TASK INPUT below:

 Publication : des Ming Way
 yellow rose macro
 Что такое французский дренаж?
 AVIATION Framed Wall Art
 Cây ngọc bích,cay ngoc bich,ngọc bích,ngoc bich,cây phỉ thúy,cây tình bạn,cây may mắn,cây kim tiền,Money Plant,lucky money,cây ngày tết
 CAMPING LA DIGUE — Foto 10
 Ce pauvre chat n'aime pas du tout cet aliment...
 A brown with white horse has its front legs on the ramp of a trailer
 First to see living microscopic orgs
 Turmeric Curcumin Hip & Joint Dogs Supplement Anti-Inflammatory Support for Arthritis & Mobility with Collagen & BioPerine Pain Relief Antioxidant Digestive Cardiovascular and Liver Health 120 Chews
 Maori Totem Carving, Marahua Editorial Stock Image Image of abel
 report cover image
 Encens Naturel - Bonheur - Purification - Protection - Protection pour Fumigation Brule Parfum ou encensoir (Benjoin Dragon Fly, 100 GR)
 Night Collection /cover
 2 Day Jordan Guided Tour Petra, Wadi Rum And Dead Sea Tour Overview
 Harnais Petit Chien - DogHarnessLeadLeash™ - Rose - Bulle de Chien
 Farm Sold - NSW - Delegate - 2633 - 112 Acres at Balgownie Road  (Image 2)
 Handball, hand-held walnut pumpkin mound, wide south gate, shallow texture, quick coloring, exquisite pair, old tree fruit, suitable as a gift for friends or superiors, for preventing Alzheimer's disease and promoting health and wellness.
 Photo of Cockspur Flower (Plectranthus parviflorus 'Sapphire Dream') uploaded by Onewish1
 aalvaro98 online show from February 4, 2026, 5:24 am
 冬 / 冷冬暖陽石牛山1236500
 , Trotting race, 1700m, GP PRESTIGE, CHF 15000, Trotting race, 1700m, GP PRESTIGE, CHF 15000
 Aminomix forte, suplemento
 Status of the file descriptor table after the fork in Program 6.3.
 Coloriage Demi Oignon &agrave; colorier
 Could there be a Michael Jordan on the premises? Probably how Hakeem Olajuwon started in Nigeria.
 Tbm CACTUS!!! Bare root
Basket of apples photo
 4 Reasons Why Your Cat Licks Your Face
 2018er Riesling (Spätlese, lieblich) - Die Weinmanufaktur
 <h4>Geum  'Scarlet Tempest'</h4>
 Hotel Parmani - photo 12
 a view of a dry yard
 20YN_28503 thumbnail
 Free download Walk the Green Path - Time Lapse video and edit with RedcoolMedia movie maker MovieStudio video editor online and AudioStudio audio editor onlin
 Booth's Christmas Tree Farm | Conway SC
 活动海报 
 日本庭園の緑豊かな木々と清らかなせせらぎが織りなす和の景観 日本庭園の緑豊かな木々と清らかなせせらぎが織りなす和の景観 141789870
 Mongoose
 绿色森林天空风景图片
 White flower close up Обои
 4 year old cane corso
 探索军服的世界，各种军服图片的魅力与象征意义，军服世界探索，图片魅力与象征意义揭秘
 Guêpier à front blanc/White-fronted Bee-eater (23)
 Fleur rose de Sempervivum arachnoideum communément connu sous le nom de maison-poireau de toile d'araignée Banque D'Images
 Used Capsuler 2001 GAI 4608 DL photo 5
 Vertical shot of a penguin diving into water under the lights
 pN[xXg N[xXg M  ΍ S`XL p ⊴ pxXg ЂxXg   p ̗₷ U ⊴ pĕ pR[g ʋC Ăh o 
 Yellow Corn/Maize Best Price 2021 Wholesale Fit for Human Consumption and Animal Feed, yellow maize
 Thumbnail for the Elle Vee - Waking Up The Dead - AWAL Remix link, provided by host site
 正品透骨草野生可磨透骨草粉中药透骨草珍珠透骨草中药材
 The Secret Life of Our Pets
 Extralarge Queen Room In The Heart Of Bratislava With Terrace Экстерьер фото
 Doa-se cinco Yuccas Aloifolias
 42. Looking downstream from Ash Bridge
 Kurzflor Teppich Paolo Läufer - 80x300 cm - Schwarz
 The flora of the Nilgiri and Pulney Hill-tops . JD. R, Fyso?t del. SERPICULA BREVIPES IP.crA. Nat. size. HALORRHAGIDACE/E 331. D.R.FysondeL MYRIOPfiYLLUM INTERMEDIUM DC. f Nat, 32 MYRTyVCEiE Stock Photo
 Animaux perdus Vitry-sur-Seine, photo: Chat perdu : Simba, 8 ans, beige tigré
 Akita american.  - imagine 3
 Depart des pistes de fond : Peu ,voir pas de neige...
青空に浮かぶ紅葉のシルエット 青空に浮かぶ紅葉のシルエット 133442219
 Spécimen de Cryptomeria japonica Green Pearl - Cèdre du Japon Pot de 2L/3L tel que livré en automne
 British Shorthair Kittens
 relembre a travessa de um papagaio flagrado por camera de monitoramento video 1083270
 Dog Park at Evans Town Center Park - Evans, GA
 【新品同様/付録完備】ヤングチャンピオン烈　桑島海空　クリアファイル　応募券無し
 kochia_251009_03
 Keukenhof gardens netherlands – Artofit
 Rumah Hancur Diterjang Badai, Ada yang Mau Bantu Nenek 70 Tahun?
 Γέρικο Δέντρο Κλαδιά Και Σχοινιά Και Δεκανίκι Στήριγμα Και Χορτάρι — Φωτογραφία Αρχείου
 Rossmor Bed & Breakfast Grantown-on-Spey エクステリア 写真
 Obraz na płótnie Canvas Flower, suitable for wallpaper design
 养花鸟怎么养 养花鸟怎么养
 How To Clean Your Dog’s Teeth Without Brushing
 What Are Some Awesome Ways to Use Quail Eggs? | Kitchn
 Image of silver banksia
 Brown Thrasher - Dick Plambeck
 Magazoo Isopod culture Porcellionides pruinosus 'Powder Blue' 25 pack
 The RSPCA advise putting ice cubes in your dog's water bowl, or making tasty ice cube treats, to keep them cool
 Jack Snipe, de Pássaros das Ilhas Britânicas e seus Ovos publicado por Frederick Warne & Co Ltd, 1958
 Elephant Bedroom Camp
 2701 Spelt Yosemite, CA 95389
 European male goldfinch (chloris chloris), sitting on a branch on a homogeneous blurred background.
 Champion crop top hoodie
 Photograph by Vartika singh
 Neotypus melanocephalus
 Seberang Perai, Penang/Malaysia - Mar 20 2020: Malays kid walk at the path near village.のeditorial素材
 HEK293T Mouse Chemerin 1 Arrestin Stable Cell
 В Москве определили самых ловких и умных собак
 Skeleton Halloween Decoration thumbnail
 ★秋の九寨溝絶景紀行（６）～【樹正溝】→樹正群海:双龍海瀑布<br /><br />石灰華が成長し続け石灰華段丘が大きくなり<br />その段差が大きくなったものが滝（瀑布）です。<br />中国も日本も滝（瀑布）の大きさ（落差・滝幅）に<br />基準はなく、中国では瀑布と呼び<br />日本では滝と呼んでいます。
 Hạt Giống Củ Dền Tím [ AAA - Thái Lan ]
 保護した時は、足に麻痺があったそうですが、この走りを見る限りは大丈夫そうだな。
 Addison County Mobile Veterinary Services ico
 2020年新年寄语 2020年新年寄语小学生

End of TASK INPUT.

Every record above should be written out exactly.

• [OUTPUT FOR THIS TASK]
 Publication : des Ming Way
 yellow rose macro
 Что такое французский дренаж?
 AVIATION Framed Wall Art
 Cây ngọc bích,cay ngoc bich,ngọc bích,ngoc bich,cây phỉ thúy,cây tình bạn,cây may mắn,cây kim tiền,Money Plant,lucky money,cây ngày tết
 CAMPING LA DIGUE — Foto 10
 Ce pauvre chat n'aime pas du tout cet aliment...
 A brown with white horse has its front legs on the ramp of a trailer
 First to see living microscopic orgs
 Turmeric Curcumin Hip & Joint Dogs Supplement Anti-Inflammatory Support for Arthritis & Mobility with Collagen & BioPerine Pain Relief Antioxidant Digestive Cardiovascular and Liver Health 120 Chews
 Maori Totem Carving, Marahua Editorial Stock Image Image of abel
 report cover image
 Encens Naturel - Bonheur - Purification - Protection - Protection pour Fumigation Brule Parfum ou encensoir (Benjoin Dragon Fly, 100 GR)
 Night Collection /cover
 2 Day Jordan Guided Tour Petra, Wadi Rum And Dead Sea Tour Overview
 Harnais Petit Chien - DogHarnessLeadLeash™ - Rose - Bulle de Chien
 Farm Sold - NSW - Delegate - 2633 - 112 Acres at Balgownie Road  (Image 2)
 Handball, hand-held walnut pumpkin mound, wide south gate, shallow texture, quick coloring, exquisite pair, old tree fruit, suitable as a gift for friends or superiors, for preventing Alzheimer's disease and promoting health and wellness.
 Photo of Cockspur Flower (Plectranthus parviflorus 'Sapphire Dream') uploaded by Onewish1
 aalvaro98 online show from February 4, 2026, 5:24 am
 冬 / 冷冬暖陽石牛山1236500
 , Trotting race, 1700m, GP PRESTIGE, CHF 15000, Trotting race, 1700m, GP PRESTIGE, CHF 15000
 Aminomix forte, suplemento
 Status of the file descriptor table after the fork in Program 6.3.
 Coloriage Demi Oignon &agrave; colorier
 Could there be a Michael Jordan on the premises? Probably how Hakeem Olajuwon started in Nigeria.
 Tbm CACTUS!!! Bare root
Basket of apples photo
 4 Reasons Why Your Cat Licks Your Face
 2018er Riesling (Spätlese, lieblich) - Die Weinmanufaktur
 <h4>Geum  'Scarlet Tempest'</h4>
 Hotel Parmani - photo 12
 a view of a dry yard
 20YN_28503 thumbnail
 Free download Walk the Green Path - Time Lapse video and edit with RedcoolMedia movie maker MovieStudio video editor online and AudioStudio audio editor onlin
 Booth's Christmas Tree Farm | Conway SC
 活动海报 
 日本庭園の緑豊かな木々と清らかなせせらぎが織りなす和の景観 日本庭園の緑豊かな木々と清らかなせせらぎが織りなす和の景観 141789870
 Mongoose
 绿色森林天空风景图片
 White flower close up Обои
 4 year old cane corso
 探索军服的世界，各种军服图片的魅力与象征意义，军服世界探索，图片魅力与象征意义揭秘
 Guêpier à front blanc/White-fronted Bee-eater (23)
 Fleur rose de Sempervivum arachnoideum communément connu sous le nom de maison-poireau de toile d'araignée Banque D'Images
 Used Capsuler 2001 GAI 4608 DL photo 5
 Vertical shot of a penguin diving into water under the lights
 pN[xXg N[xXg M  ΍ S`XL p ⊴ pxXg ЂxXg   p ̗₷ U ⊴ pĕ pR[g ʋC Ăh o 
 Yellow Corn/Maize Best Price 2021 Wholesale Fit for Human Consumption and Animal Feed, yellow maize
 Thumbnail for the Elle Vee - Waking Up The Dead - AWAL Remix link, provided by host site
 正品透骨草野生可磨透骨草粉中药透骨草珍珠透骨草中药材
 The Secret Life of Our Pets
 Extralarge Queen Room In The Heart Of Bratislava With Terrace Экстерьер фото
 Doa-se cinco Yuccas Aloifolias
 42. Looking downstream from Ash Bridge
 Kurzflor Teppich Paolo Läufer - 80x300 cm - Schwarz
 The flora of the Nilgiri and Pulney Hill-tops . JD. R, Fyso?t del. SERPICULA BREVIPES IP.crA. Nat. size. HALORRHAGIDACE/E 331. D.R.FysondeL MYRIOPfiYLLUM INTERMEDIUM DC. f Nat, 32 MYRTyVCEiE Stock Photo
 Animaux perdus Vitry-sur-Seine, photo: Chat perdu : Simba, 8 ans, beige tigré
 Akita american.  - imagine 3
 Depart des pistes de fond : Peu ,voir pas de neige...
青空に浮かぶ紅葉のシルエット 青空に浮かぶ紅葉のシルエット 133442219
 Spécimen de Cryptomeria japonica Green Pearl - Cèdre du Japon Pot de 2L/3L tel que livré en automne
 British Shorthair Kittens
 relembre a travessa de um papagaio flagrado por camera de monitoramento video 1083270
 Dog Park at Evans Town Center Park - Evans, GA
 【新品同様/付録完備】ヤングチャンピオン烈　桑島海空　クリアファイル　応募券無し
 kochia_251009_03
 Keukenhof gardens netherlands – Artofit
 Rumah Hancur Diterjang Badai, Ada yang Mau Bantu Nenek 70 Tahun?
 Γέρικο Δέντρο Κλαδιά Και Σχοινιά Και Δεκανίκι Στήριγμα Και Χορτάρι — Φωτογραφία Αρχείου
 Rossmor Bed & Breakfast Grantown-on-Spey エクステリア 写真
 Obraz na płótnie Canvas Flower, suitable for wallpaper design
 养花鸟怎么养 养花鸟怎么养
 How To Clean Your Dog’s Teeth Without Brushing
 What Are Some Awesome Ways to Use Quail Eggs? | Kitchn
 Image of silver banksia
 Brown Thrasher - Dick Plambeck
 Magazoo Isopod culture Porcellionides pruinosus 'Powder Blue' 25 pack
 The RSPCA advise putting ice cubes in your dog's water bowl, or making tasty ice cube treats, to keep them cool
 Jack Snipe, de Pássaros das Ilhas Britânicas e seus Ovos publicado por Frederick Warne & Co Ltd, 1958
 Elephant Bedroom Camp
 2701 Spelt Yosemite, CA 95389
 European male goldfinch (chloris chloris), sitting on a branch on a homogeneous blurred background.
 Champion crop top hoodie
 Photograph by Vartika singh
 Neotypus melanocephalus
 Seberang Perai, Penang/Malaysia - Mar 20 2020: Malays kid walk at the path near village.のeditorial素材
 HEK293T Mouse Chemerin 1 Arrestin Stable Cell
 В Москве определили самых ловких и умных собак
 Skeleton Halloween Decoration thumbnail
 ★秋の九寨溝絶景紀行（６）～【樹正溝】→樹正群海:双龍海瀑布<br /><br />石灰華が成長し続け石灰華段丘が大きくなり<br />その段差が大きくなったものが滝（瀑布）です。<br />中国も日本も滝（瀑布）の大きさ（落差・滝幅）に<br />基準はなく、中国では瀑布と呼び<br />日本では滝と呼んでいます。
 Hạt Giống Củ Dền Tím [ AAA - Thái Lan ]
 保護した時は、足に麻痺があったそうですが、この走りを見る限りは大丈夫そうだな。
 Addison County Mobile Veterinary Services ico
 2020年新年寄语 2020年新年寄语小学生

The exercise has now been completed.